*Data records*
┄┄┄┄┄┄┄┄┄┄

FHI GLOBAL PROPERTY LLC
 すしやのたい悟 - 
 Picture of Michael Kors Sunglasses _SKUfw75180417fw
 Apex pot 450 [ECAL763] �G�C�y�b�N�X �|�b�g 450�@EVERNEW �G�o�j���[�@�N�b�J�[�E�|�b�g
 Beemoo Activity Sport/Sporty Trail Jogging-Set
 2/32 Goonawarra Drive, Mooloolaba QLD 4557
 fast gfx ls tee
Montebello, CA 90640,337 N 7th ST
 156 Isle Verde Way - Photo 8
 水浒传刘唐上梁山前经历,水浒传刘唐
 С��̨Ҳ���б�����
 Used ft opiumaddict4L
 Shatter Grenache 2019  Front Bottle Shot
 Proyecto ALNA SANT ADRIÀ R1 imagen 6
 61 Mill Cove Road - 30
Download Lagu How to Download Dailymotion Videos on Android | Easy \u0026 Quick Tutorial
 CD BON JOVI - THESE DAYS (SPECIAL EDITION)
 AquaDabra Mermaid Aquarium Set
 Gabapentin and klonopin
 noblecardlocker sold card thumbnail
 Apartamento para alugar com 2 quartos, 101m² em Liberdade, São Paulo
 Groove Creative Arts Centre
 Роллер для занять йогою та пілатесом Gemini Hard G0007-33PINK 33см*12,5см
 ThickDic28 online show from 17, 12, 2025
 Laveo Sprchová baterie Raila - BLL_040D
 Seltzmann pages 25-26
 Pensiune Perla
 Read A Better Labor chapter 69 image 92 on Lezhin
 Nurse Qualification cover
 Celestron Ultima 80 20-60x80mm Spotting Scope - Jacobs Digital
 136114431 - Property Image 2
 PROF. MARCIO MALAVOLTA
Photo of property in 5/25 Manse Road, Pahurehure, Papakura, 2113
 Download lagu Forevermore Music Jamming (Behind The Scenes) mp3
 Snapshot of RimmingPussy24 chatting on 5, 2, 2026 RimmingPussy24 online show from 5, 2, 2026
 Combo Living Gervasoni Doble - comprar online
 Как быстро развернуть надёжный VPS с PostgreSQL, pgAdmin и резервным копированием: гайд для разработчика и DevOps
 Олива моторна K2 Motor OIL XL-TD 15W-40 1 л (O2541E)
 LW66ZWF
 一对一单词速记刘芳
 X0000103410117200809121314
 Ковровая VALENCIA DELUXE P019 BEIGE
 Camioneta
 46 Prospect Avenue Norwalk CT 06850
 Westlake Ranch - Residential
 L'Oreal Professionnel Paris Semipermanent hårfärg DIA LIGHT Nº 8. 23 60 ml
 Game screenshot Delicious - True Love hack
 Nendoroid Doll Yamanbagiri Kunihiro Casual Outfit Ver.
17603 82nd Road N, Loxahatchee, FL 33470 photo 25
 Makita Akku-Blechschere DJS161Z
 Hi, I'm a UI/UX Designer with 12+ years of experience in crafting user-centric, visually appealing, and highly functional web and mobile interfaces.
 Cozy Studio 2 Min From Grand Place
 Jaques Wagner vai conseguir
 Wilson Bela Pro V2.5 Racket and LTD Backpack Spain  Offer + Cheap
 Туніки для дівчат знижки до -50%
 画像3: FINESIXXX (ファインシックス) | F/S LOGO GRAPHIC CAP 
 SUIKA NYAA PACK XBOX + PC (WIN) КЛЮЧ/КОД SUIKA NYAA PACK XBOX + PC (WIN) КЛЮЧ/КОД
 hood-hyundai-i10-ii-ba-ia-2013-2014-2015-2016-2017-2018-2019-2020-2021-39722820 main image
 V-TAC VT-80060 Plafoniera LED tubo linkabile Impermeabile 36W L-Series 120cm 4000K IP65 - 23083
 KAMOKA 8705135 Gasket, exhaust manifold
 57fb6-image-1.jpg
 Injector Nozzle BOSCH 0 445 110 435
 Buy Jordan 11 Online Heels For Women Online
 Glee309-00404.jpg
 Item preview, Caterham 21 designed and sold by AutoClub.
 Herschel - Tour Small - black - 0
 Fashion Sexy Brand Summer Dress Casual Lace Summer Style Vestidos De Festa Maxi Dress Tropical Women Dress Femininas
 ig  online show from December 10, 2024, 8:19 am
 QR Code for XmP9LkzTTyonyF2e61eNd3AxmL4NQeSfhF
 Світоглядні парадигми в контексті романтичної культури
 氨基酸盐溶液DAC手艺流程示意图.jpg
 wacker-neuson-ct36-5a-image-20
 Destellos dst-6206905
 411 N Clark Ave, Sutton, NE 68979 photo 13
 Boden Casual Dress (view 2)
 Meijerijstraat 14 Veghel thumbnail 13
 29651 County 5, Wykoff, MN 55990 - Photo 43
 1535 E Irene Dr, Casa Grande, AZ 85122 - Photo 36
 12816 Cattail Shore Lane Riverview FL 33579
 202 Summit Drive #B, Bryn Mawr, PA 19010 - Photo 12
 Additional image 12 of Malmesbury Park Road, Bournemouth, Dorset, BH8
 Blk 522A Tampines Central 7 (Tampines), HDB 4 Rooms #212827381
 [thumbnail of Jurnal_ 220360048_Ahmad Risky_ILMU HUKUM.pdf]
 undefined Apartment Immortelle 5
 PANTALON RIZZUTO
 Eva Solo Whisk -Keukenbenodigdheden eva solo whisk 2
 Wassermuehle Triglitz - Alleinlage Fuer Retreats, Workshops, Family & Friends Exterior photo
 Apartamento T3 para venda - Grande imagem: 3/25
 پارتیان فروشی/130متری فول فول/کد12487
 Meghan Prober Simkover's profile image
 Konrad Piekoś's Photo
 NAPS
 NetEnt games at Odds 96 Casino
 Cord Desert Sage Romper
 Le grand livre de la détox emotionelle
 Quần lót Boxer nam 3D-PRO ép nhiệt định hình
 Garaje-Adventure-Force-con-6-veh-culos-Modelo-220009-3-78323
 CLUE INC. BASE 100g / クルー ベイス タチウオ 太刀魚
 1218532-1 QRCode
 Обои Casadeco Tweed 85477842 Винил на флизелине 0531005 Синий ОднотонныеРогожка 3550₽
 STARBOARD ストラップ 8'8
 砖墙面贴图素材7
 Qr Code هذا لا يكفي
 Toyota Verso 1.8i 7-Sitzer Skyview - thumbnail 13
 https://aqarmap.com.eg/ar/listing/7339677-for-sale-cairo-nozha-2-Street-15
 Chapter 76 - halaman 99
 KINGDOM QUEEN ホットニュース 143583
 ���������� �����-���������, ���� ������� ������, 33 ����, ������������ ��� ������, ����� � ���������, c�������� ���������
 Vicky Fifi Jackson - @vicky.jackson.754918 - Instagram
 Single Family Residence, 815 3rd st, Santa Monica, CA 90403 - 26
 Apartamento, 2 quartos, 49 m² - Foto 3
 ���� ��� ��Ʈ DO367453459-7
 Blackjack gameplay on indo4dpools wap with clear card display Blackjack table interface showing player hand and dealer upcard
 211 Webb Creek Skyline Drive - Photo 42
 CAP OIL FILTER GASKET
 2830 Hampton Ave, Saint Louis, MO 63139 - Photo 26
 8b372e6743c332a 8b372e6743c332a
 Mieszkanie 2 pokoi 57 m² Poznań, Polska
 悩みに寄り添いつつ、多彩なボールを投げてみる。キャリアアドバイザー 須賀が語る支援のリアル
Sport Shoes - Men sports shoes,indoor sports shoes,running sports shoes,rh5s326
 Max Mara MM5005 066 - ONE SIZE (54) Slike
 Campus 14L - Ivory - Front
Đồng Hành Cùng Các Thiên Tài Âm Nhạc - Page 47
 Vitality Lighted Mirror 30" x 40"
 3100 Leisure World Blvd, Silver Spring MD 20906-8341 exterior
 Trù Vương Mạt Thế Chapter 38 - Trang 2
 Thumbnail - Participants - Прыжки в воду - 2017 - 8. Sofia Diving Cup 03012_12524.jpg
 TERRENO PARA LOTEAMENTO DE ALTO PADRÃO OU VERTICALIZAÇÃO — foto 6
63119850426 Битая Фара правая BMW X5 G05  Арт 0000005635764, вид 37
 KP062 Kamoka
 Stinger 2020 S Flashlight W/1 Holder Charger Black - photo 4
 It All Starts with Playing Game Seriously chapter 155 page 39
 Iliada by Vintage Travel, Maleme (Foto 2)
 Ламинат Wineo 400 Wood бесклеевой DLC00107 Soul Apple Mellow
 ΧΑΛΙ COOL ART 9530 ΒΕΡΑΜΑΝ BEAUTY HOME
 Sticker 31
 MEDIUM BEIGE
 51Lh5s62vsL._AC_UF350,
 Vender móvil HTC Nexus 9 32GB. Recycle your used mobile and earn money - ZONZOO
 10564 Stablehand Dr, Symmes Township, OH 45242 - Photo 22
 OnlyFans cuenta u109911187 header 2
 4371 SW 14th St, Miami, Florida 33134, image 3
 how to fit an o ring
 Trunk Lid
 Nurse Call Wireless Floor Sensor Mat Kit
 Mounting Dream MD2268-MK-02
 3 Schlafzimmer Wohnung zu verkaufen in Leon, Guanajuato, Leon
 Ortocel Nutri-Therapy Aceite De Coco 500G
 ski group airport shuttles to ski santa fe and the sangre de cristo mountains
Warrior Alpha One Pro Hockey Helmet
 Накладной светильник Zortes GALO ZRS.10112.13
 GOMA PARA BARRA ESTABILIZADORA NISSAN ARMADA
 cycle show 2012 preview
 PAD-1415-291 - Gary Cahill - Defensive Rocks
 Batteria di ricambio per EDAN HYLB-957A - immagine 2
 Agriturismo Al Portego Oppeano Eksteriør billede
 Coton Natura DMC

┄┄┄┄┄┄┄┄┄┄

Could you restate word for word the lines above from the one containing "Quần lót Boxer nam 3D-PRO ép nhiệt định hình" through the one containing "TERRENO PARA LOTEAMENTO", both included, and nothing else?

*Finished task*
 Quần lót Boxer nam 3D-PRO ép nhiệt định hình
 Garaje-Adventure-Force-con-6-veh-culos-Modelo-220009-3-78323
 CLUE INC. BASE 100g / クルー ベイス タチウオ 太刀魚
 1218532-1 QRCode
 Обои Casadeco Tweed 85477842 Винил на флизелине 0531005 Синий ОднотонныеРогожка 3550₽
 STARBOARD ストラップ 8'8
 砖墙面贴图素材7
 Qr Code هذا لا يكفي
 Toyota Verso 1.8i 7-Sitzer Skyview - thumbnail 13
 https://aqarmap.com.eg/ar/listing/7339677-for-sale-cairo-nozha-2-Street-15
 Chapter 76 - halaman 99
 KINGDOM QUEEN ホットニュース 143583
 ���������� �����-���������, ���� ������� ������, 33 ����, ������������ ��� ������, ����� � ���������, c�������� ���������
 Vicky Fifi Jackson - @vicky.jackson.754918 - Instagram
 Single Family Residence, 815 3rd st, Santa Monica, CA 90403 - 26
 Apartamento, 2 quartos, 49 m² - Foto 3
 ���� ��� ��Ʈ DO367453459-7
 Blackjack gameplay on indo4dpools wap with clear card display Blackjack table interface showing player hand and dealer upcard
 211 Webb Creek Skyline Drive - Photo 42
 CAP OIL FILTER GASKET
 2830 Hampton Ave, Saint Louis, MO 63139 - Photo 26
 8b372e6743c332a 8b372e6743c332a
 Mieszkanie 2 pokoi 57 m² Poznań, Polska
 悩みに寄り添いつつ、多彩なボールを投げてみる。キャリアアドバイザー 須賀が語る支援のリアル
Sport Shoes - Men sports shoes,indoor sports shoes,running sports shoes,rh5s326
 Max Mara MM5005 066 - ONE SIZE (54) Slike
 Campus 14L - Ivory - Front
Đồng Hành Cùng Các Thiên Tài Âm Nhạc - Page 47
 Vitality Lighted Mirror 30" x 40"
 3100 Leisure World Blvd, Silver Spring MD 20906-8341 exterior
 Trù Vương Mạt Thế Chapter 38 - Trang 2
 Thumbnail - Participants - Прыжки в воду - 2017 - 8. Sofia Diving Cup 03012_12524.jpg
 TERRENO PARA LOTEAMENTO DE ALTO PADRÃO OU VERTICALIZAÇÃO — foto 6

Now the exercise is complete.